Le sort des masses et des travailleurs des DOM n’est en aucune
façon séparé de celui de leurs frères et sœurs de classe en France et de
l’ensemble de l’Europe qui sont confrontés aux mêmes luttes pour parer aux
effets de la crise capitaliste mondiale. Rien de ce qui a été acquis en
Guadeloupe ou en Martinique ne peut durer sans une lutte commune avec les
travailleurs en France sur la base d’un programme socialiste. Déjà, 10 000
emplois, au minimum, devraient être perdus immédiatement après la grève et un
chiffre record de fermetures d’entreprises est enregistré.
Les travailleurs dans les Antilles et de par le monde ne
peuvent apporter une réponse à l’augmentation catastrophique du chômage qu’au
moyen d’une réorganisation socialiste de l’économie placée sous le contrôle
démocratique de la classe ouvrière par une lutte unifiée des travailleurs des
colonies et des ex-colonies avec ceux des pays impérialistes.
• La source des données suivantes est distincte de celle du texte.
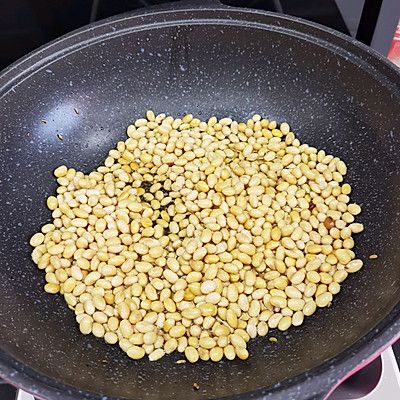 黄豆酱怎么做好吃（好上手的自制黄豆酱不担心吃不上饭）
La classe dirigeante française redoute que l’instabilité
sociale ne s’étende à la métropole. De là, la volonté du gouvernement de faire
des concessions provisoires en Guadeloupe et en Martinique.
Mais ce n’est que pour mieux préparer une contre-offensive,
aussi bien dans les DOM qu’en France métropolitaine. Des milliards d’euros ont
été empruntés et pris dans les fonds publics pour renflouer l’économie et
sauver les banques, catapultant ainsi l’endettement public bien au-delà des
limites établies par l’Union européenne pour sauvegarder la stabilité de
l’euro.
On s’attend à ce que le déficit budgétaire atteigne, à 5,5
pour cent du PIB, près du double de la limite maximale fixée par le traité de
Maastricht et que la dette publique dépasse d’environ 25 pour cent sa limite en
s’élevant à 75 pour cent du PIB. Une analyse secrète de l’OCDE que s’est
procurée Médiapart, recommande une réduction des dépenses
gouvernementales, des réductions d’impôts pour les employeurs et un
« assouplissement de la législation sur les licenciements. » Elle
lance un appel au gouvernement à « agir plus directement » pour
supprimer le salaire minimum.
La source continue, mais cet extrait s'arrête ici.